Ma in che modo è possibile migliorare le prestazioni di queste neuroprotesi? Innanzitutto è bene indagare sulle aree del cervello maggiormente coinvolte nella pianificazione ed esecuzione del movimento volontario, per poi estrarre da esse le informazioni utili al controllo della neuroprotesi.

Negli anni, studi condotti nell’ambito della neurofisiologia hanno dimostrato come vi siano aree nella corteccia parietale del cervello implicate in tutte le fasi di elaborazione di un atto motorio. In particolare, aree incluse nel Lobulo Parietale Superiore (SPL) della corteccia parietale consentono di localizzare l’oggetto col quale si vuole interagire, dirigere lo sguardo su di esso ed organizzare il movimento del braccio monitorando la sua posizione nello spazio.


Una ricerca svolta nel Laboratorio di Neurofisiologia e neuroanatomia funzionale del sistema visuomotorio del Dipartimento di Scienze Biomediche e Neuromotorie dell’Università di Bologna – diretto dalla prof.ssa Fattori e composto dai ricercatori R. Breveglieri, M. De Vitis, M. Filippini e M. Tabanelli – ha maggiormente caratterizzato tre regioni dell’SPL, validando differenze funzionali tra di esse. È emersa una grande specificità di azione di queste regioni del cervello nell’analisi della direzione dello sguardo e della posizione del braccio durante un movimento. È grazie a questa specificità nell’integrare i segnali di occhio e mano che il movimento del braccio può essere eseguito correttamente. Tali evidenze supportano il potenziale impiego di queste aree come fonti di segnali per il controllo di neuroprotesi codificando più parametri sensoriali utili all’organizzazione del movimento.

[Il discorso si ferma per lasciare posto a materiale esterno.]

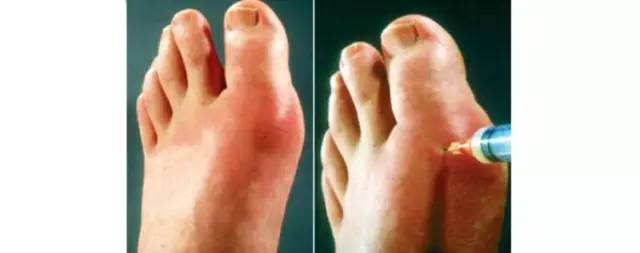 烦人的膝关节痛风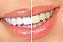 Clareador Dental Original Opalescence PF 15% C/ 4 Seringas - Ultradent - Imagem 3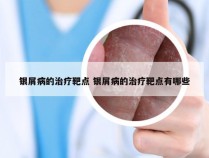 银屑病的治疗靶点 银屑病的治疗靶点有哪些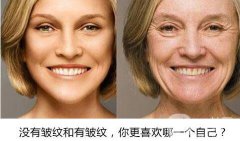 怎样减少脸上的皱纹 除皱方式盘点附价格介绍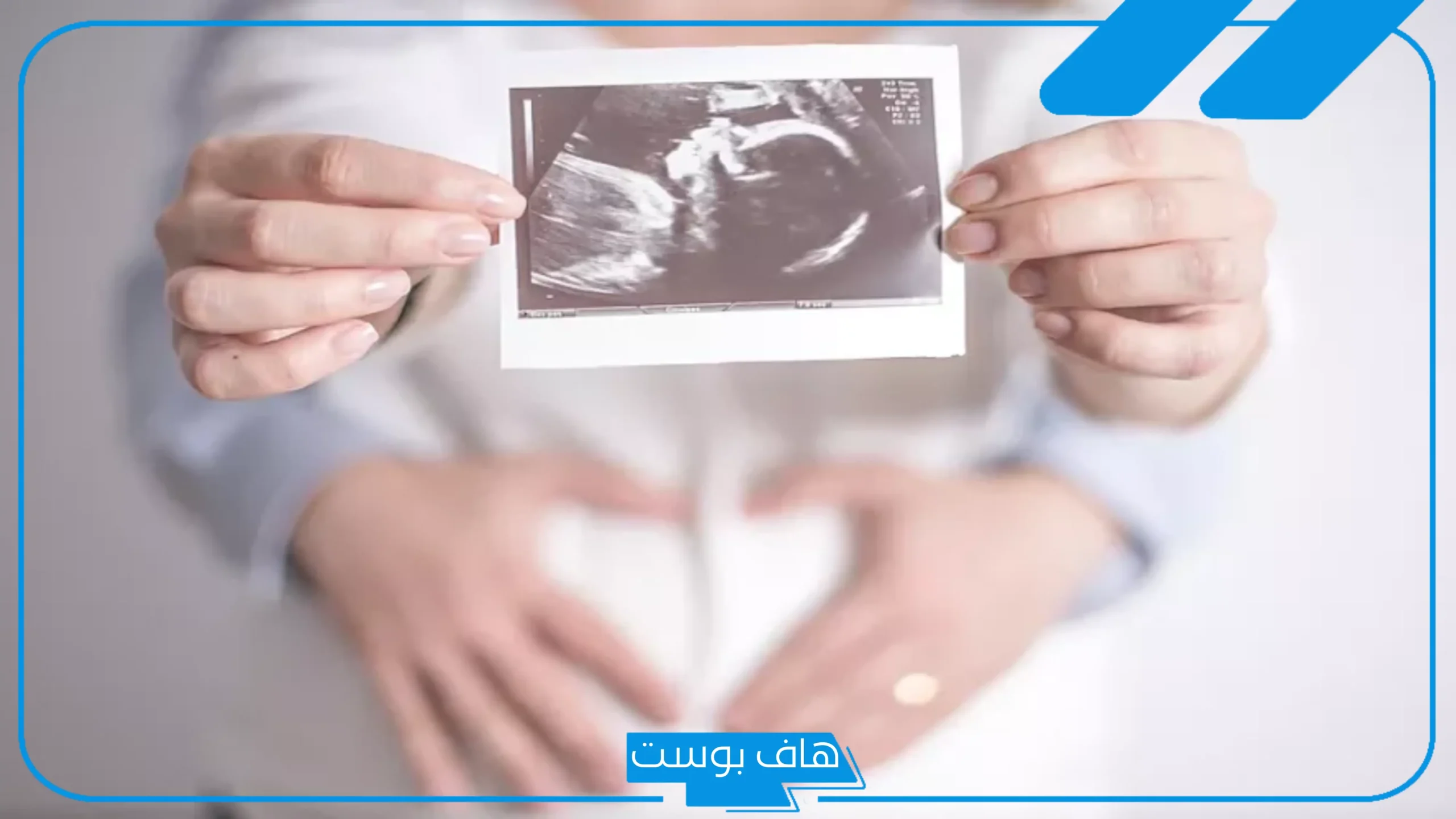 تجربتي مع توقف نبض الجنين في الشهر الثالث ورجوعه
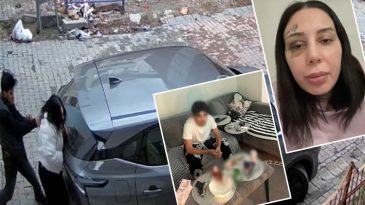 Burun Estetiği İ&ccedil;in Para İstedi, Eşini &Ouml;ld&uuml;resiye Darp Etti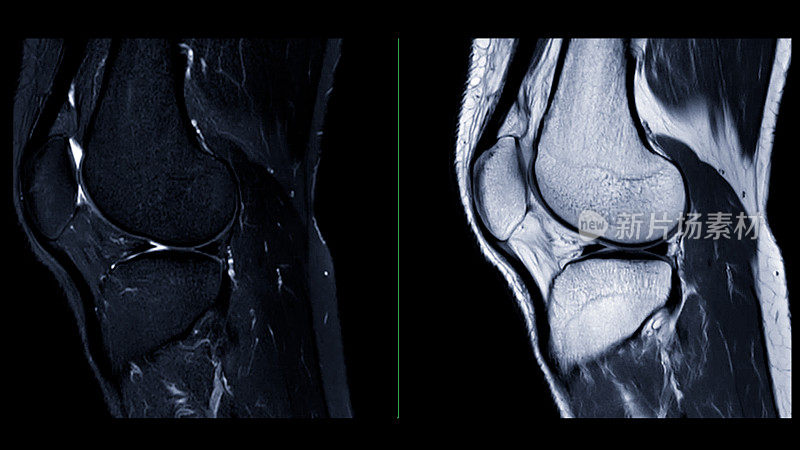 膝关节的磁共振成像或MRI。这种诊断技术对于评估韧带、软骨和识别撕裂或炎症等问题至关重要。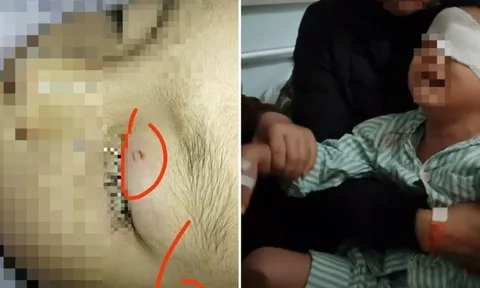 Bé trai 4 tuổi mù vĩnh viễn vì giáo viên bôi mỡ lợn lên vết thương ở mắt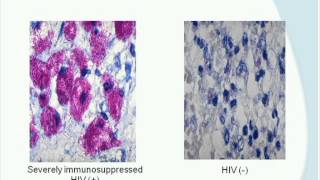 Tuberculosis: Pathogenesis and Transmission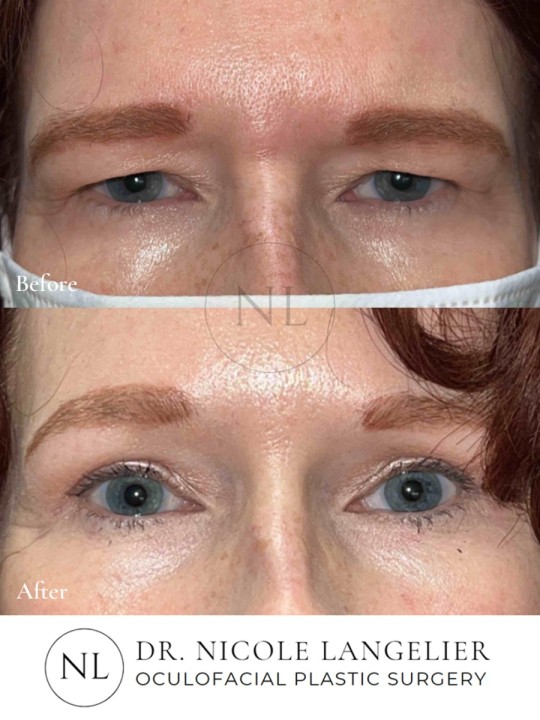 Before and After Brow Lift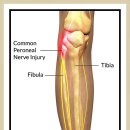 총비골 신경 (common peroneal nerve) 1 이미지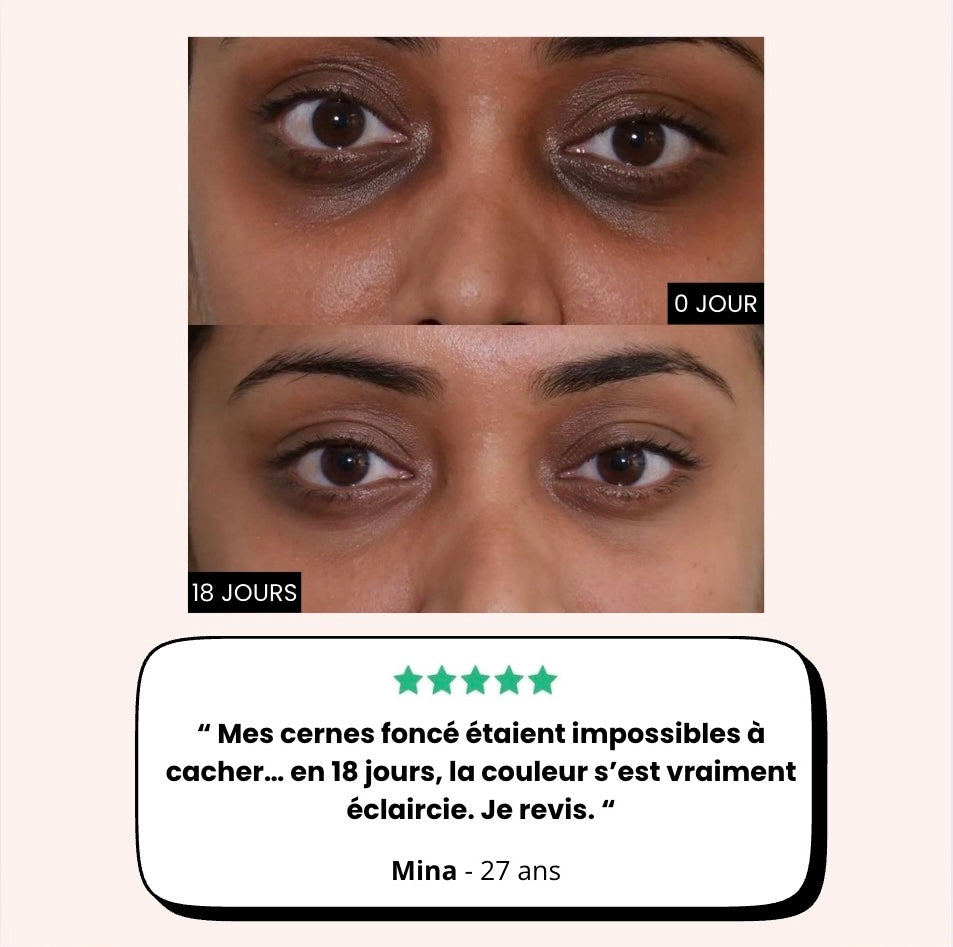 Soin du regard "LumiLift": Rituel anti-cernes pigmentées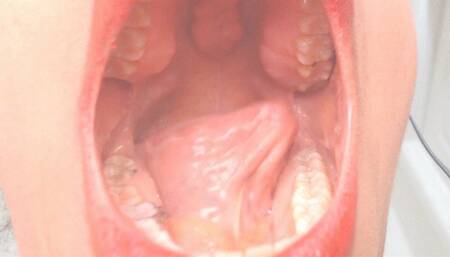 A Look Into My Mouth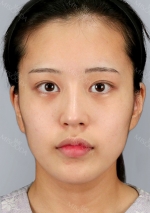 Facial Contour, Chin Reduction, Fat Graft ~!!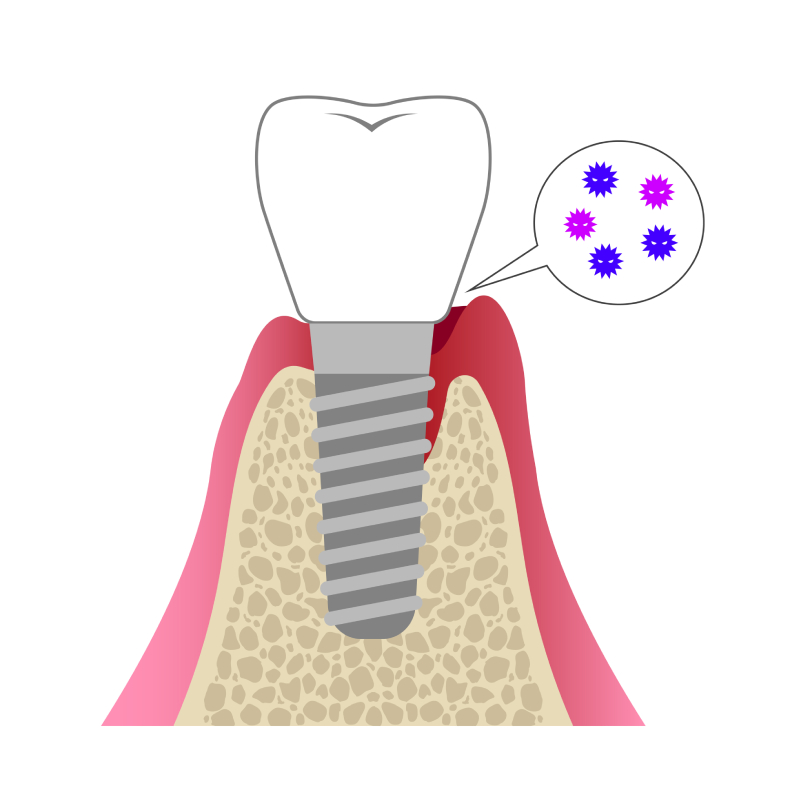 インプラント周囲炎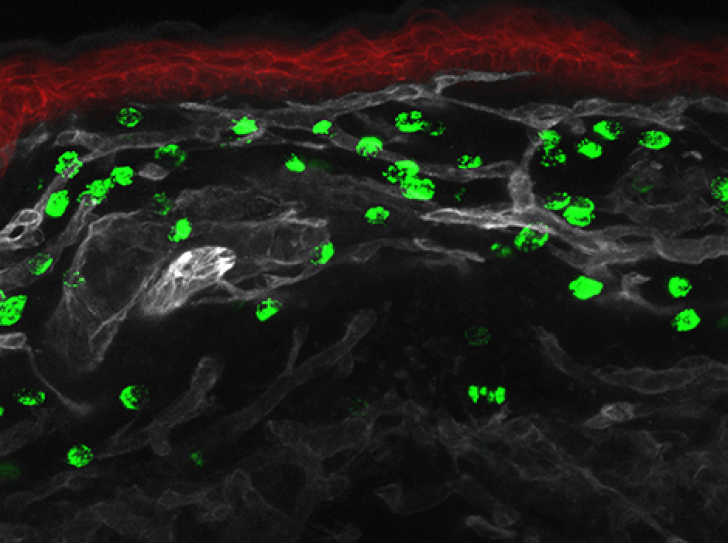 The search for the origin of mast cells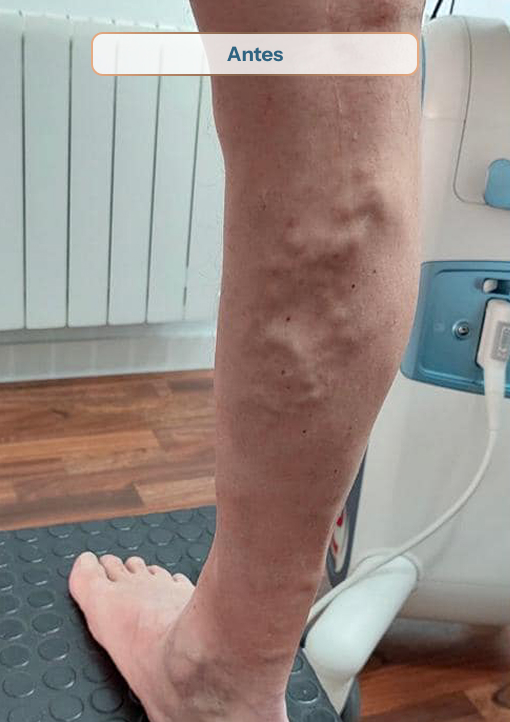 antes-10 Crioesclerosis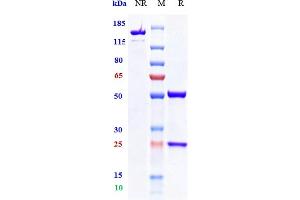 Anti-TIGIT Reference Antibody (vibostolimab) on SDS-PAGE under reducing (R) condition. (Recombinant TIGIT (Vibostolimab Biosimilar) antibody)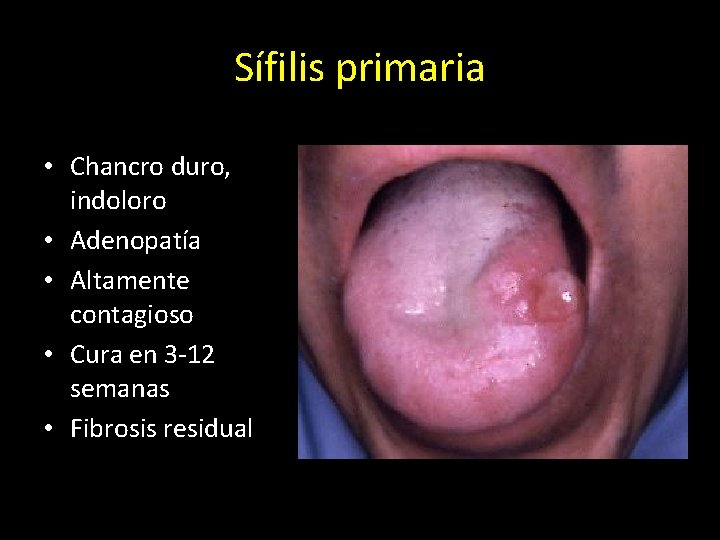 Sífilis primaria • Chancro duro, indoloro • Adenopatía • Altamente contagioso • Cura en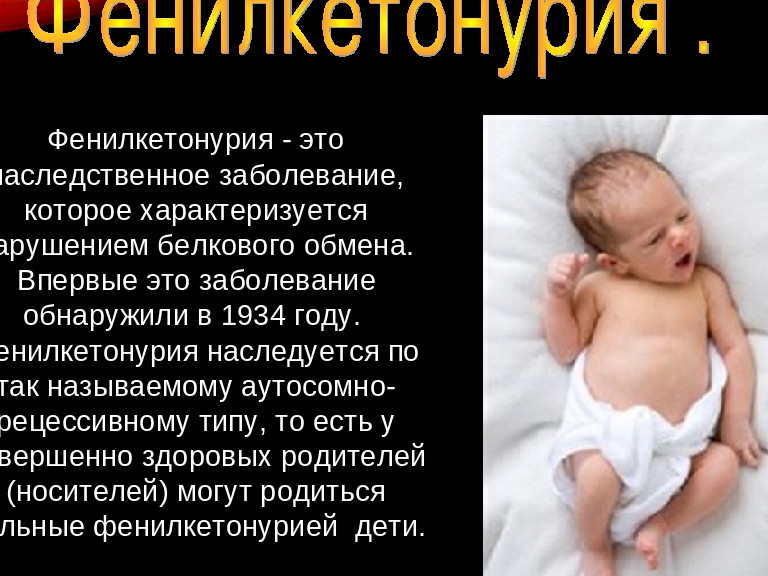 Постановлением Правительства Республики Дагестан установлена мера социальной поддержки детей с диагнозом «фенилкетонурия»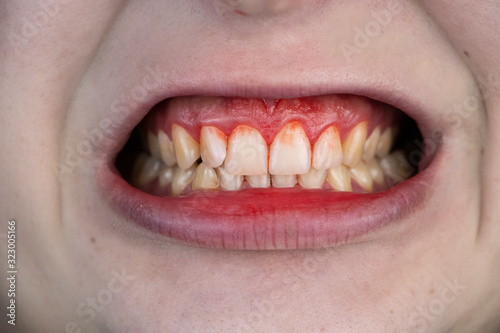 Gum bleeding and inflammation close up. A man examined by a dentist. The diagnosis of gingivitis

Le informazioni relative al controllo della posizione degli occhi e del braccio nello spazio estratte da queste aree potrebbero essere quindi implementate in sistemi collegati ad un arto robotico per migliorarne le prestazioni. Si potrebbe dunque giungere ad un controllo più accurato della neuroprotesi e maggiormente coerente all’intento di utilizzo del singolo paziente. Da qui l’importanza di tali ricerche neuroscientifiche che, unite allo sviluppo tecnologico, mirano a produrre sistemi di assistenza sempre più all’avanguardia centrati sulle personali esigenze del paziente.